The lightweight Brompton P Line looks like the ultimate folding bike

Brompton gets sporty with a titanium makeover of the old Superlight with new gears and everything buffed up a little

Brompton P Line unfolded and folded on white background
(Image credit: Brompton P Line)

The Brompton P Line is the Baron of Bromptons and could well be the best folding bike made to date. I say that because Brompton already has the cleverest folding mechanism in the business, and with this update to the old Superlight line, practically everything has been honed and improved, with the weight shaved down and the gearing and handling improved. I haven't actually ridden the P Line yet but it appears to be the pinnacle of and logical conclusion to what the brand has been doing for the past 45 years.

Like you, I may occasionally mock Bromptons for their looks. That distinctive – nay, iconic – frame always looks a little peculiar, especially when it's being ridden by someone who's quite tall, as I am. However, I would never knock the engineering or ride experience of Britain's favourite folding bike, because these bicycles are superbly built and remarkably good fun to ride. That's why Brompton owners always look so smug. They're steaming along on their nippy little bike, without a care in the world, safe in the knowledge that when they get to whatever well-paid office job they're going to, they can fold it to about the size of record box and secrete it under their desk. And that it will probably continue to do so for decades to come. 

Why would the Brompton hardcore massive want something like the Tuck bike which I wrote about earlier this week? Sure, that may fold up small, yet resemble a normal bike when in use. Yet it's an unproven brand and anyway, where's the fun in looking normal?

From today there's a new Brompton in town. It is the new flagship, and I am there for it. I'm not quite sure why the fellows at Brompton have decided to call it the P Line. But while the name may sound vaguely lavatorial, there's nothing piss-poor about this collapsible urban steed.

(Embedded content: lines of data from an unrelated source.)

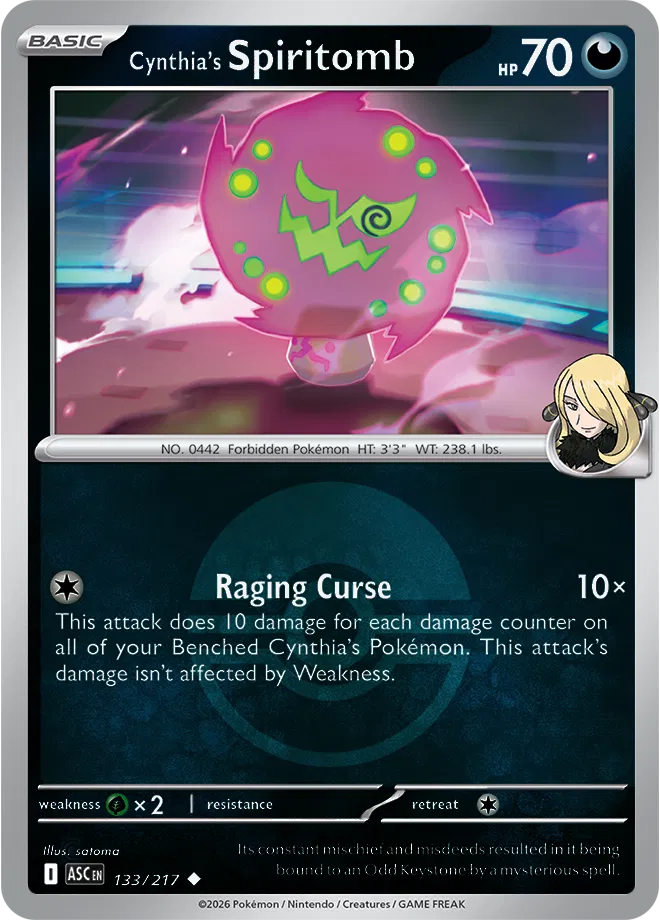 133/217 Cynthia's Spiritomb Poke  Ball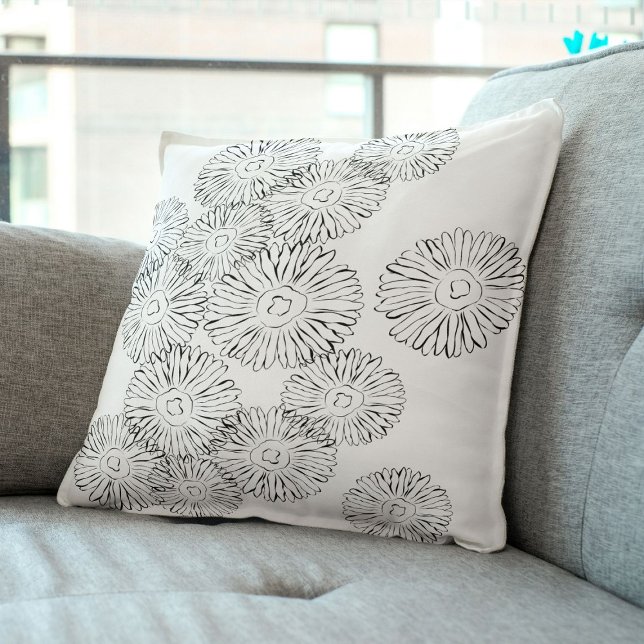Black and white abstract spring flowers cushion (Creator Uploaded)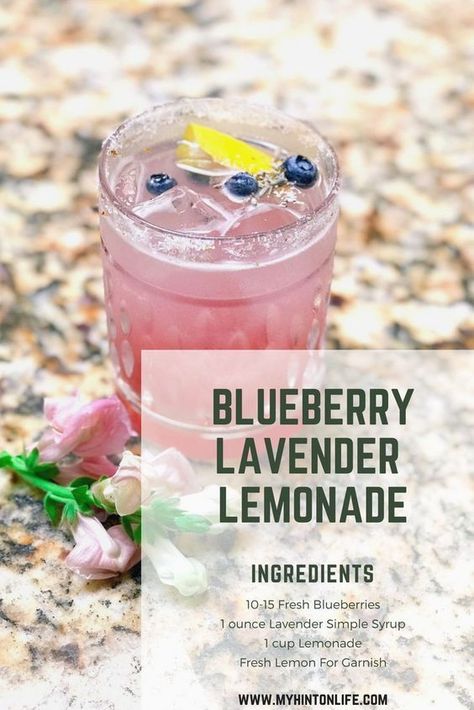 Blueberry Lavender Lemonade, Lemonade Simple Syrup, Lavender Lemonade Recipe, Homemade Drinks Recipes, Easy Lemonade Recipe, Flavored Lemonade, Blueberry Lavender, Plat Vegan, Lavender Recipes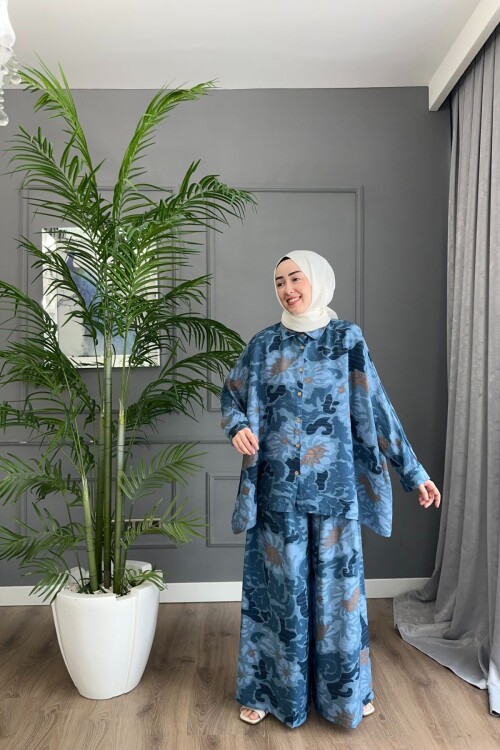 KAMUFLAJ DESEN MANGO KUMAŞ TAKIM MAVİ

It joins the A Line – which is also a type of skirt – and the C Line – which is also the correct name for the © symbol –  in the new Brompton Line-up. 

This elite folder is super-light, larded with top-level components and no doubt goes like a rocket. I wouldn't necessarily say I want to buy one, but I would certainly love to try one. Alas, since my day job largely revolves around riding the world's best electric bikes these days, I will probably have to make do with the Brompton C Line Electric, although no doubt that is also excellent. 

The heart of any Brompton's appeal is that it folds up so fast and so small. The P Line, however, adds sportier performance and a range of componentry so advanced, it will leave Brompton lovers dizzy and panting.

Standard Bromptons are not exactly weighty, but the P Line has been slimmed down to a mere 9.65kg – nearly 2 kilos less than the Brompton C Line. That's been achieved by using an all-new rear frame and forks made of titanium – the world's sexiest metal, and the only one to have a bombastic rave tune written about it by David Guetta and Sia.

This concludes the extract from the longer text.